KEY LARGO -- Following a months-long dispute with Gov. Rick Scott's office, the Key Largo Wastewater Board is welcoming back David Asdourian to fill the fifth seat on the dais.
The district has been down a board member since the Nov. 6 election, when attorneys for the governor's office said Asdourian's appointment by the board was no longer valid and a special election should be held.
That election was estimated to cost district ratepayers about $35,000, something no one on the board wanted.
The board then appealed to state Rep. Holly Raschein, R-Key Largo, to begin talking with Tallahassee leaders to push the appointment through.
"We had a wonderful conference call with the governor's chief of staff," Raschein said.
To validate the appointment, it took several emails and phone calls, Raschein said.
Board members Norm Higgins and Robby Majeska both lauded the work of Raschein, who the district also hopes to lean on to secure state grants.

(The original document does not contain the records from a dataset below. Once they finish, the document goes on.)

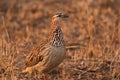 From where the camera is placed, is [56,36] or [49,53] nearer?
[49,53]

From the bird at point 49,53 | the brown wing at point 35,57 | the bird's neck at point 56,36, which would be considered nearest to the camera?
the bird at point 49,53

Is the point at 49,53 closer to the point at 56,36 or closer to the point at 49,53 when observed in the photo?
the point at 49,53

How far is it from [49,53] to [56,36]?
0.33 metres

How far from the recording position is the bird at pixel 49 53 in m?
7.85

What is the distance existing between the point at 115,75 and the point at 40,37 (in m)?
3.46

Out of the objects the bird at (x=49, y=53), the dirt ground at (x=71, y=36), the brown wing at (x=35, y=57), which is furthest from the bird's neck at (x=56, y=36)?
the dirt ground at (x=71, y=36)

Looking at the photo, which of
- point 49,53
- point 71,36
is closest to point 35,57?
point 49,53

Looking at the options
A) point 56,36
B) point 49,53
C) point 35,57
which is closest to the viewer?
point 49,53

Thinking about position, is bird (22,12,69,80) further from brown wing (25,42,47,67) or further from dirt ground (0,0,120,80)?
dirt ground (0,0,120,80)

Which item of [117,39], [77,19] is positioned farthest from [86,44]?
[77,19]

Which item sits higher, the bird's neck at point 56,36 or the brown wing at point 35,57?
the bird's neck at point 56,36

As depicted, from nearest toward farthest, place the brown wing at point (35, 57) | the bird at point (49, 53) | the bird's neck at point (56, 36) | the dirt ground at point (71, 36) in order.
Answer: the bird at point (49, 53) < the bird's neck at point (56, 36) < the brown wing at point (35, 57) < the dirt ground at point (71, 36)

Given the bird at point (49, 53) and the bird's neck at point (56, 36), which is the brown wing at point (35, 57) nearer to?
the bird at point (49, 53)

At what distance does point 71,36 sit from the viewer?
11.7m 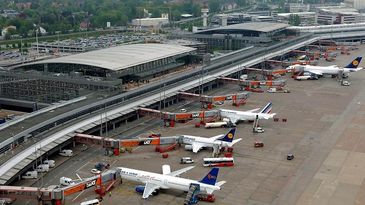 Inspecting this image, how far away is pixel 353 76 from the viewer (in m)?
117

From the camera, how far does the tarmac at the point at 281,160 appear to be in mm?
50312

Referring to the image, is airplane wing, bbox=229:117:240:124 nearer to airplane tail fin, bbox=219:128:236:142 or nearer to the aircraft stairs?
airplane tail fin, bbox=219:128:236:142

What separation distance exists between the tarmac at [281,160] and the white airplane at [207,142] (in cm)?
98

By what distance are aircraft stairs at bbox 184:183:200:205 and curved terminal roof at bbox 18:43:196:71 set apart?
4600 cm

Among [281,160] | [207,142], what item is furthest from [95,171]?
[281,160]

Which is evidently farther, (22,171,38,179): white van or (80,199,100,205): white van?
(22,171,38,179): white van

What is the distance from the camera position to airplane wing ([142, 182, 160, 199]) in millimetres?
49819

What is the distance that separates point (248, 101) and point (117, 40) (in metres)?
92.4

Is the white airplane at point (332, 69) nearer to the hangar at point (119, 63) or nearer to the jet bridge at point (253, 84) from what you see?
the jet bridge at point (253, 84)

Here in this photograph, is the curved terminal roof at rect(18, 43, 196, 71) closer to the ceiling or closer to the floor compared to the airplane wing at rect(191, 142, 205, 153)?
closer to the ceiling

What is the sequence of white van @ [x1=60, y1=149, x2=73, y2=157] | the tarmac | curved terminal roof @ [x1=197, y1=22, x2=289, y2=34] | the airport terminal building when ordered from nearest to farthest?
the tarmac
white van @ [x1=60, y1=149, x2=73, y2=157]
the airport terminal building
curved terminal roof @ [x1=197, y1=22, x2=289, y2=34]

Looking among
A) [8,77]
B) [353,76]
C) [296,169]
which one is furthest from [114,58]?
[353,76]

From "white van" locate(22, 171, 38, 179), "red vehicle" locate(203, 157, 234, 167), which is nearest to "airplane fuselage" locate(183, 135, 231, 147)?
"red vehicle" locate(203, 157, 234, 167)

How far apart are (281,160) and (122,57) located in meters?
49.2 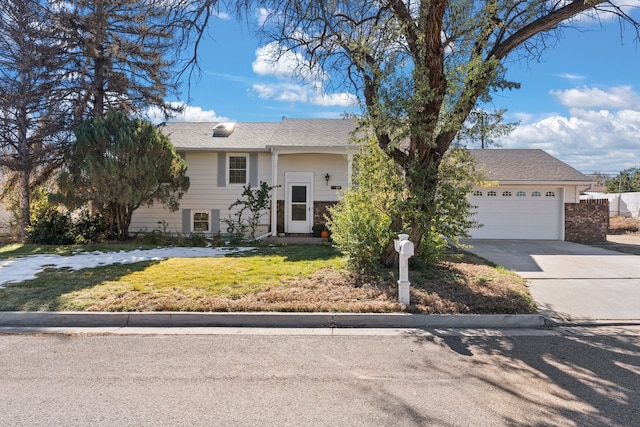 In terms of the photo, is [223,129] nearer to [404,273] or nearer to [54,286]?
[54,286]

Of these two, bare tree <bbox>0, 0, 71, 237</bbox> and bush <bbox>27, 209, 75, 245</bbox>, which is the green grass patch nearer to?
bush <bbox>27, 209, 75, 245</bbox>

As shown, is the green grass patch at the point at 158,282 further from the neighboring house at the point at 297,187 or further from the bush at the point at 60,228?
the neighboring house at the point at 297,187

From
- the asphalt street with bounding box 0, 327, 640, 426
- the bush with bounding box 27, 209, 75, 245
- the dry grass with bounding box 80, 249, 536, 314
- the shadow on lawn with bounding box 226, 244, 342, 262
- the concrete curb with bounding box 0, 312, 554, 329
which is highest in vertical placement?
the bush with bounding box 27, 209, 75, 245

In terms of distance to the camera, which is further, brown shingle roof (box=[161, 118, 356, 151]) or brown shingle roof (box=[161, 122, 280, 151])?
brown shingle roof (box=[161, 122, 280, 151])

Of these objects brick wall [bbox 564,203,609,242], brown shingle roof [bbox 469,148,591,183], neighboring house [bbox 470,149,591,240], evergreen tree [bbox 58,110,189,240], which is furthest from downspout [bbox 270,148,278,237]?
brick wall [bbox 564,203,609,242]

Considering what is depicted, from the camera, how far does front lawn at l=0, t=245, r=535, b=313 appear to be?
233 inches

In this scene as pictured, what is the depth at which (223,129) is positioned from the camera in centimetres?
1714

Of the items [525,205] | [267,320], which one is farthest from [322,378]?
[525,205]

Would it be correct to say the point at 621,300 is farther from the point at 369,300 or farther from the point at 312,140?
the point at 312,140

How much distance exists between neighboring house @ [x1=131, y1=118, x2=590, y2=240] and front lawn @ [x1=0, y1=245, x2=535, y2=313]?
Answer: 6426 mm

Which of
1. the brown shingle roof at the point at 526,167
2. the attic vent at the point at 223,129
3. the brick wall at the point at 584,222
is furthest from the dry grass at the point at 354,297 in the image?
the attic vent at the point at 223,129

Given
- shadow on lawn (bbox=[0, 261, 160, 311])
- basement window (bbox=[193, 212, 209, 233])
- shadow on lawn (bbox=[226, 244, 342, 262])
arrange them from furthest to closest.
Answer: basement window (bbox=[193, 212, 209, 233]) → shadow on lawn (bbox=[226, 244, 342, 262]) → shadow on lawn (bbox=[0, 261, 160, 311])

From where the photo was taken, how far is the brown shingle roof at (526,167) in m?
15.8

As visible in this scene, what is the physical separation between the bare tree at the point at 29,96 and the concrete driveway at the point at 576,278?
15292 mm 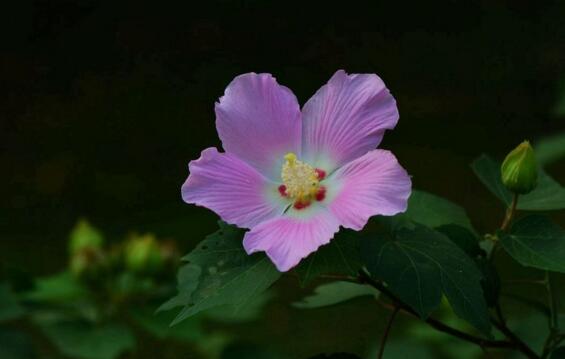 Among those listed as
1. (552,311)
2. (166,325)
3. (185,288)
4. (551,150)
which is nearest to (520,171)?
(552,311)

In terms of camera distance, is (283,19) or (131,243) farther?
(283,19)

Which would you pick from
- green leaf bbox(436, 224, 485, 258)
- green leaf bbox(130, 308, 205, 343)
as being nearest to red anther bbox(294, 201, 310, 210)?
green leaf bbox(436, 224, 485, 258)

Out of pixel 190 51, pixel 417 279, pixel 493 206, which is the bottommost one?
pixel 493 206

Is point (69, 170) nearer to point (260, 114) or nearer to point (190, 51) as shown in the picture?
point (190, 51)

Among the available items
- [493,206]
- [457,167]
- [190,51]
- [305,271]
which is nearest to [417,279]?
[305,271]

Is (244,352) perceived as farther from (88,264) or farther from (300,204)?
(300,204)

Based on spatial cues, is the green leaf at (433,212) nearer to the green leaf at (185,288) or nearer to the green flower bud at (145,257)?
the green leaf at (185,288)

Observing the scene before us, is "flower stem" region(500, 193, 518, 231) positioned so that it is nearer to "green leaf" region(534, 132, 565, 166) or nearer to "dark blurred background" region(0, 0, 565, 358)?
"green leaf" region(534, 132, 565, 166)

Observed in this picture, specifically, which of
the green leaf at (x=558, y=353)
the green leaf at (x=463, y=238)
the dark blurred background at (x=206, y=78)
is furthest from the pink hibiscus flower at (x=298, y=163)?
the dark blurred background at (x=206, y=78)
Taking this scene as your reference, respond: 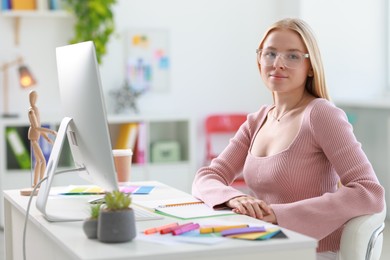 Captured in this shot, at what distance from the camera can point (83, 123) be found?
2307 millimetres

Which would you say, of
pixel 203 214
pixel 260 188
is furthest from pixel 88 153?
pixel 260 188

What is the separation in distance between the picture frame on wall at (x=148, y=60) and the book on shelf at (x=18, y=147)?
1.07m

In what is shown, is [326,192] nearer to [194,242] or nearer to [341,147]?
[341,147]

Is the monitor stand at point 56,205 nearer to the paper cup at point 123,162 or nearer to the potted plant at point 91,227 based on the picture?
the potted plant at point 91,227

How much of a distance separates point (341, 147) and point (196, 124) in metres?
4.04

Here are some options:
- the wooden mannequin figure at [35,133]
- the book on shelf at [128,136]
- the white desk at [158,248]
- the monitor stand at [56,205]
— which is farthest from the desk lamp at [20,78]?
the white desk at [158,248]

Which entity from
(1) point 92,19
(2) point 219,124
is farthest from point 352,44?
(1) point 92,19

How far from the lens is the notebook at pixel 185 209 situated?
2402mm

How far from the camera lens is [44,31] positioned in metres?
6.02

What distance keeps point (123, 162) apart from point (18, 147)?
2.78m

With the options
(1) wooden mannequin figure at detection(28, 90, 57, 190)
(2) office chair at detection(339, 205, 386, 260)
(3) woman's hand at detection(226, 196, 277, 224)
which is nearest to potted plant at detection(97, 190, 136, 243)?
(3) woman's hand at detection(226, 196, 277, 224)

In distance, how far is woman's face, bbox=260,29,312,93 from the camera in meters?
2.69

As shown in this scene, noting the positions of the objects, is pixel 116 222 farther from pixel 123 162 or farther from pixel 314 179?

Though it appears everything will go through for Asdourian, he is cautious about the appointment until he is back on the dais.
"Until we see something black and white from the governor, I want to be careful, but I've been assured by [board attorney Ray Giglio] that I'll be back on the board," Asdourian told the Free Press last week.
Asdourian was expected to take his seat during the board's Tuesday, Jan. 8, meeting, which took place after press time.
In a three-page letter to the district, Jesse Panuccio, Scott's general counsel, wrote that the appointment complies with the charter because the board attempted to get the vacancy on the election ballot.
Asdourian, who has lived in Key Largo since 1993, recently retired from AT&T, where he worked on aerial and underground cable installation.
In August, board member Susan Hammaker resigned her seat with two years left on her term. Hammaker purposely waited until after the county elections supervisor's Aug. 7 deadline to put her seat on the Nov. 6 ballot in hopes that the board would tap Steve Gibbs to fill her seat.
Gibbs expressed initial interest in an appointment, but later bowed out and won a seat on the board as the top vote-getter in the Nov. 6 election.
According to Panuccio, the entire controversy could have been averted.
"In any event, this situation could have been avoided if Ms. Hammaker had been advised to resign in advance of the Aug. 7 deadline," Panuccio wrote.